From b52fea7fae6ec38096dcd57458e0ee6be87da996 Mon Sep 17 00:00:00 2001
From: "marina.kolpakova" <marina.kolpakova@itseez.com>
Date: Mon, 1 Oct 2012 13:48:16 +0400
Subject: [PATCH] update soft cascade interface:  - add class Detection in
 interface,  - split sync- and async- versions,  - add support for detecting
 at the specific scale.

---
 modules/gpu/include/opencv2/gpu/gpu.hpp | 26 ++++++++++++-
 modules/gpu/src/cuda/isf-sc.cu          | 45 ++++++++++++++++++----
 modules/gpu/src/softcascade.cpp         | 50 ++++++++++++++++++++-----
 3 files changed, 103 insertions(+), 18 deletions(-)

diff --git a/modules/gpu/include/opencv2/gpu/gpu.hpp b/modules/gpu/include/opencv2/gpu/gpu.hpp
index 5008e10275..f171ad904d 100644
--- a/modules/gpu/include/opencv2/gpu/gpu.hpp
+++ b/modules/gpu/include/opencv2/gpu/gpu.hpp
@@ -1537,6 +1537,18 @@ public:
 class CV_EXPORTS SoftCascade
 {
 public:
+
+    struct CV_EXPORTS Detection
+    {
+        ushort x;
+        ushort y;
+        ushort w;
+        ushort h;
+        float confidence;
+        int kind;
+
+        enum {PEDESTRIAN = 0};
+    };
     //! An empty cascade will be created.
     SoftCascade();
 
@@ -1559,9 +1571,19 @@ public:
     //! Param rois is a mask
     //! Param objects 4-channel matrix thet contain detected rectangles
     //! Param rejectfactor used for final object box computing
-    //! Param stream
     virtual void detectMultiScale(const GpuMat& image, const GpuMat& rois, GpuMat& objects,
-    int rejectfactor = 1, Stream stream = Stream::Null());
+    int rejectfactor = 1, int specificScale = -1);
+
+    //! detect specific objects on in the input frame for all scales computed flom minScale and maxscale values.
+    //! asynchronous version.
+    //! Param image is input frame for detector.
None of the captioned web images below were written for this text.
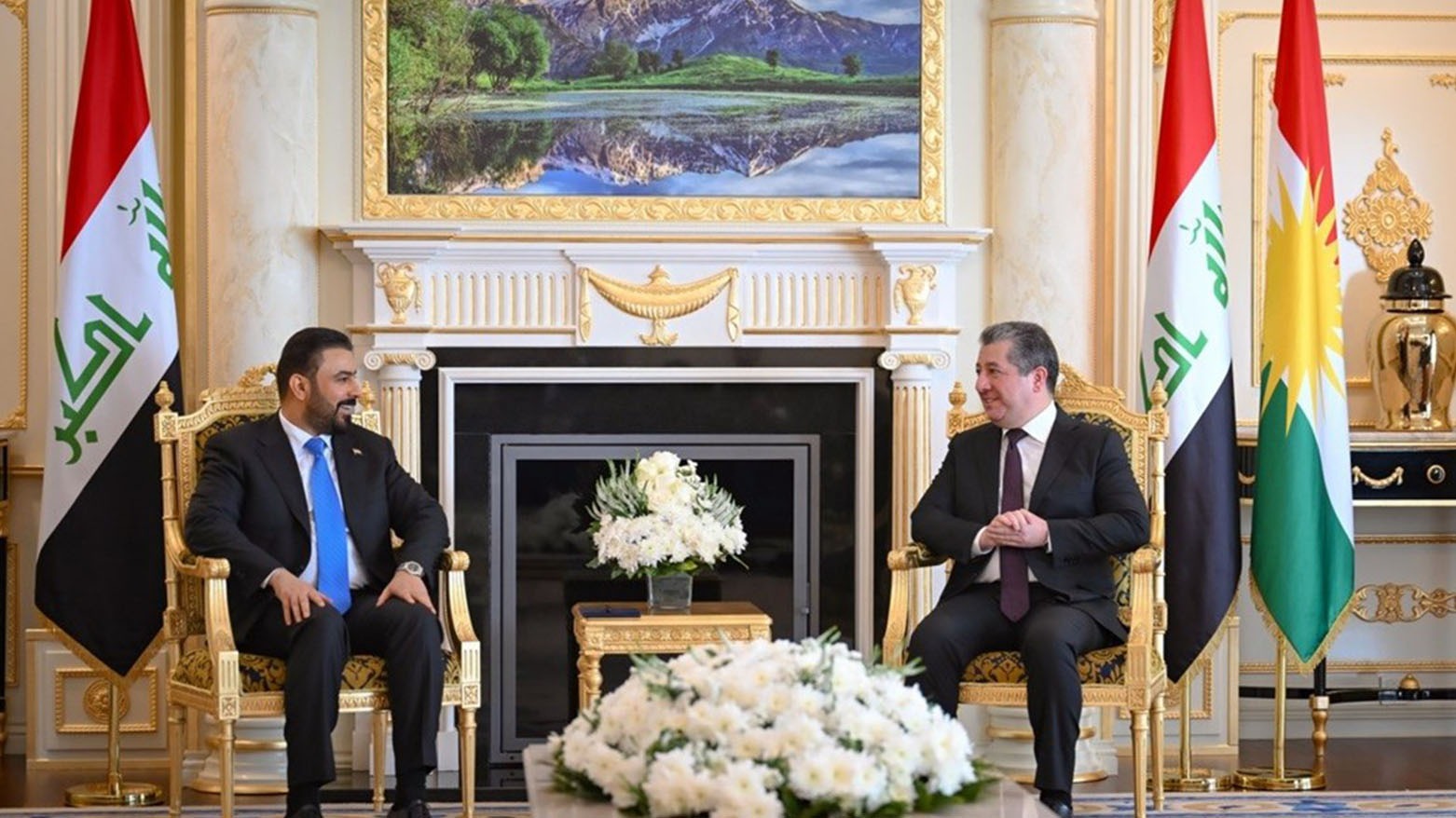 KRG PM Hawler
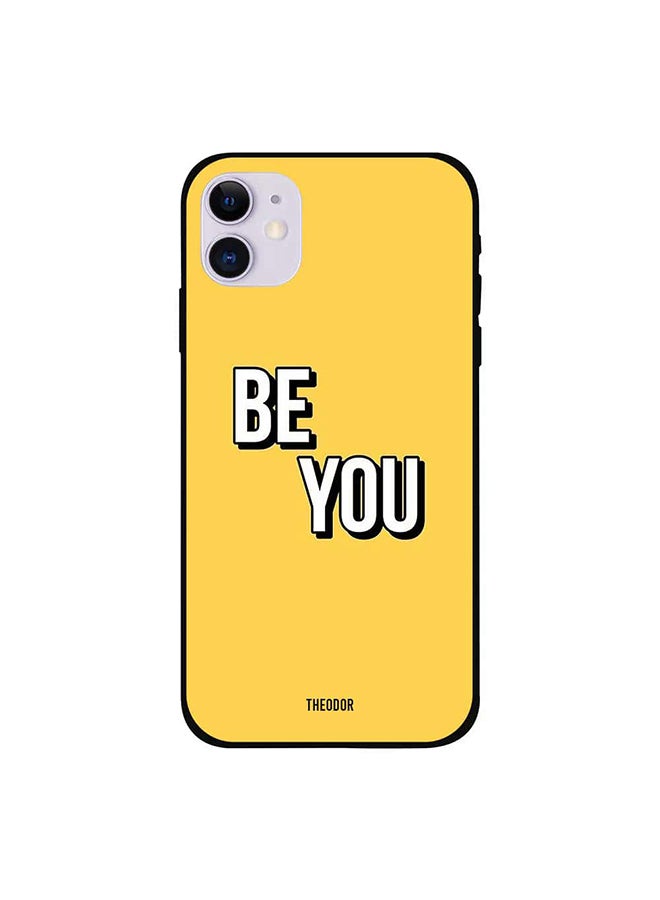 ثيودور غطاء حماية واق لهاتف أبل آيفون 12 بي يو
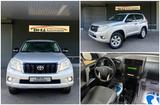 Toyota Land Cruiser 3.0 D-4D Life°Klima°AHK°4x4°Eu5°Top - Toyota Land Cruiser mit Diesel-Antrieb: 4.5
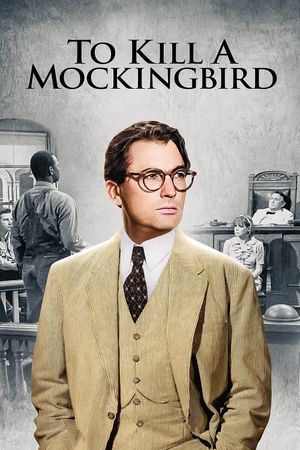 To Kill a Mockingbird's poster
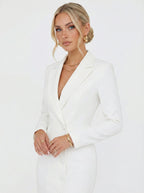 Rafaela | Vestido Blazer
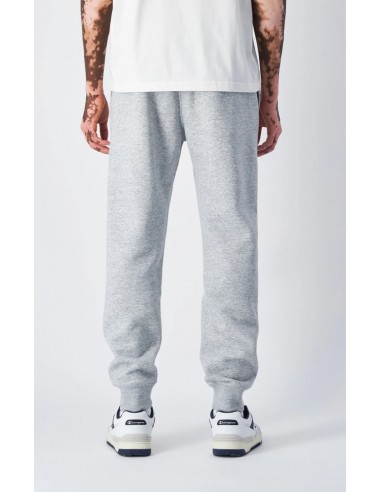 Pantalon de chandal gris Champion gris  Rib...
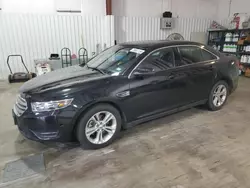 Salvage cars for sale from Copart Lufkin, TX: 2015 Ford Taurus SEL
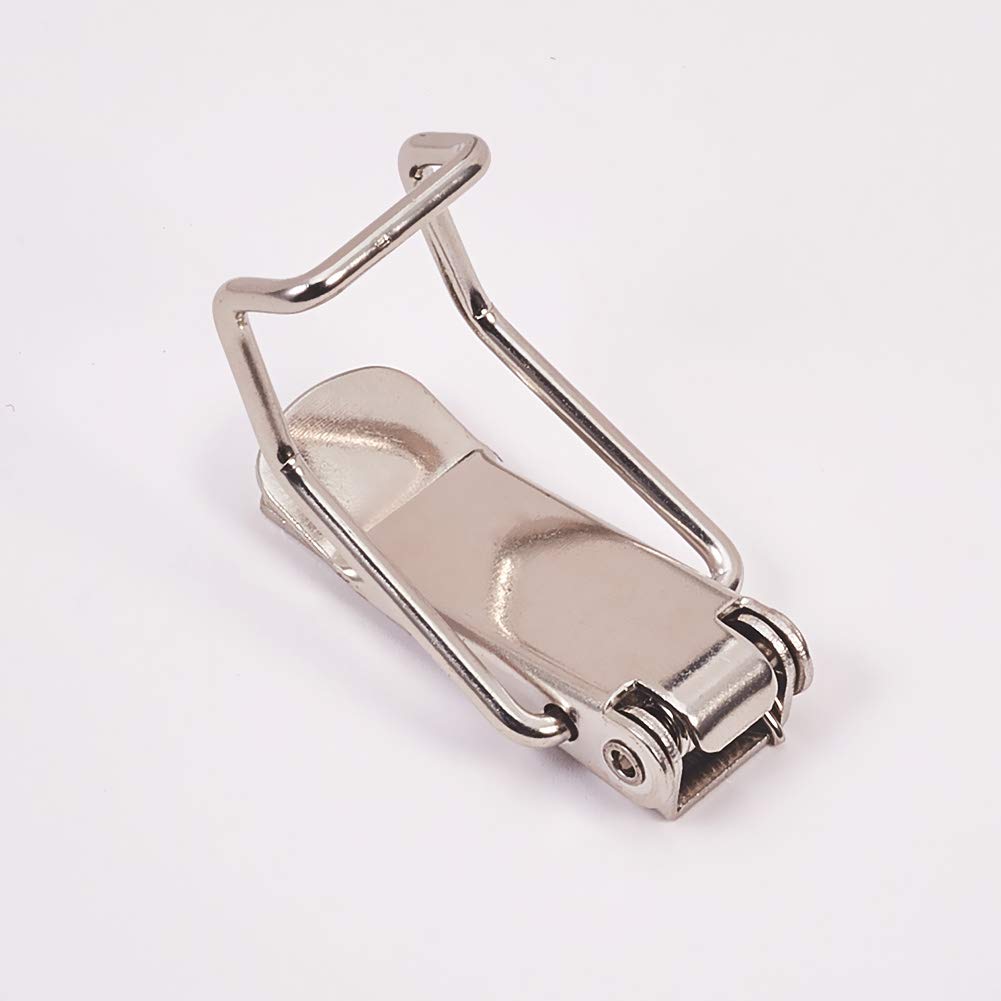 MroMax 2PCS Spring-Loaded Toggle Latch - 2.95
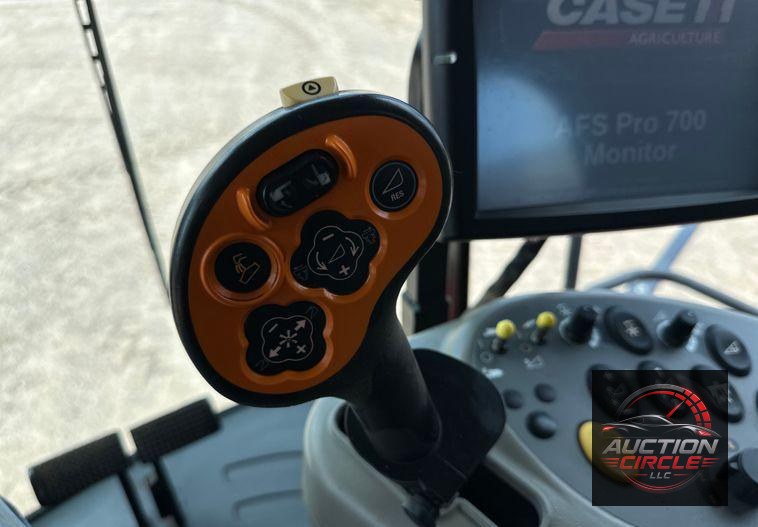 2012 Case IH 8230 AFS combine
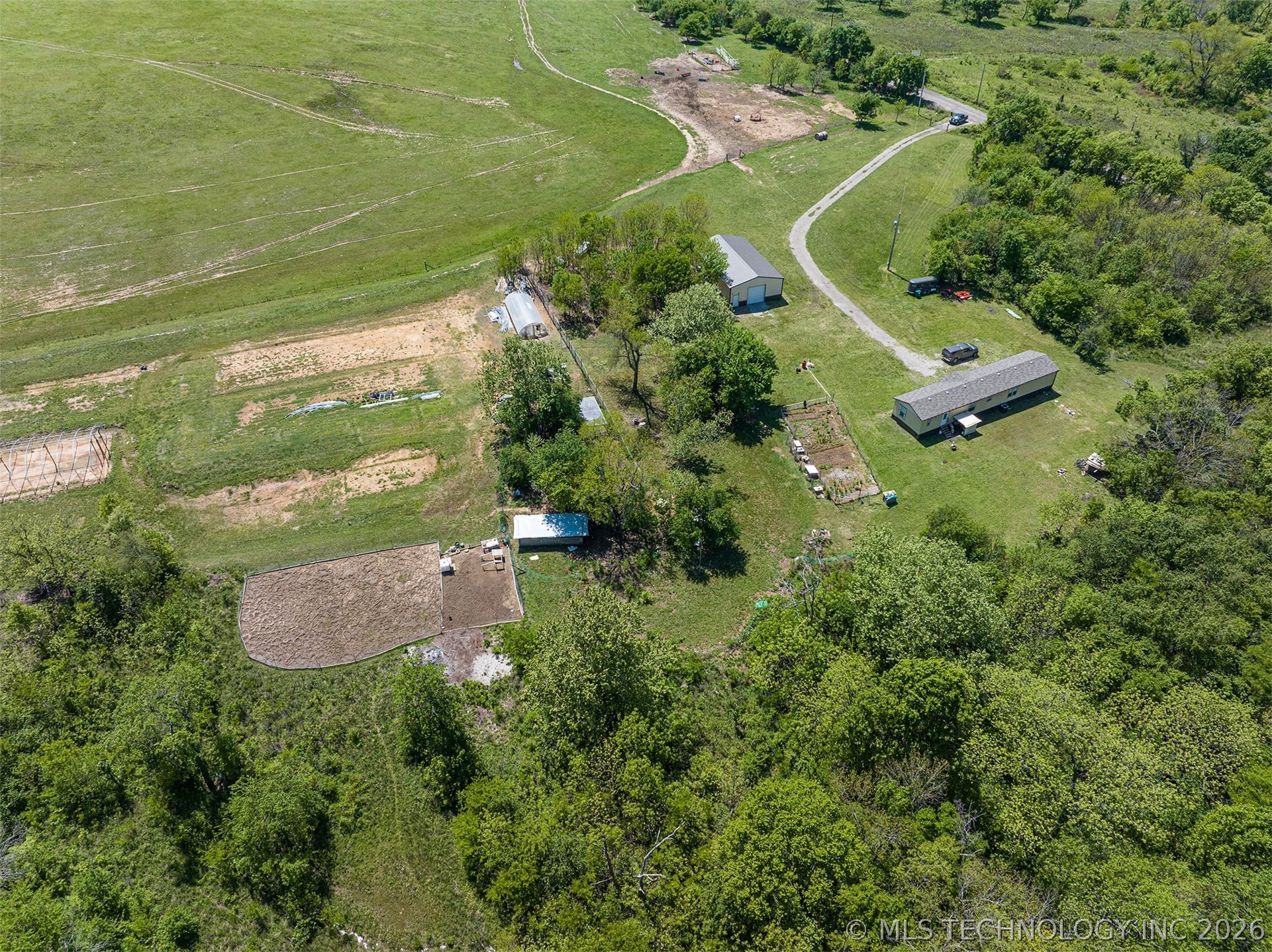 24600 S 4260 Road Property Photo 38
Cascade will be applied to it.
+    //! Param rois is a mask
+    //! Param objects 4-channel matrix thet contain detected rectangles
+    //! Param rejectfactor used for final object box computing
+    //! Param ndet retrieves number of detections
+    //! Param stream wrapper for CUDA stream
+    virtual void detectMultiScale(const GpuMat& image, const GpuMat& rois, GpuMat& objects,
+    int rejectfactor, GpuMat& ndet, Stream stream);
 
 private:
     struct Filds;
diff --git a/modules/gpu/src/cuda/isf-sc.cu b/modules/gpu/src/cuda/isf-sc.cu
index f3c92cc6ab..3d9a1e10f9 100644
--- a/modules/gpu/src/cuda/isf-sc.cu
+++ b/modules/gpu/src/cuda/isf-sc.cu
@@ -105,7 +105,7 @@ namespace icf {
         float sarea = (scaledRect.z - scaledRect.x) * (scaledRect.w - scaledRect.y);
 
         const float expected_new_area = farea * relScale * relScale;
-        float approx =  sarea / expected_new_area;
+        float approx = __fdividef(sarea, expected_new_area);
 
         dprintf("%d: new rect: %d box %d %d %d %d  rel areas %f %f\n",threadIdx.x, (node.threshold >> 28),
         scaledRect.x, scaledRect.y, scaledRect.z, scaledRect.w, farea * relScale * relScale, sarea);
@@ -198,12 +198,13 @@ namespace icf {
 //     }
 
     __global__ void test_kernel_warp(const Level* levels, const Octave* octaves, const float* stages,
-        const Node* nodes, const float* leaves, Detection* objects, const uint ndetections, uint* ctr)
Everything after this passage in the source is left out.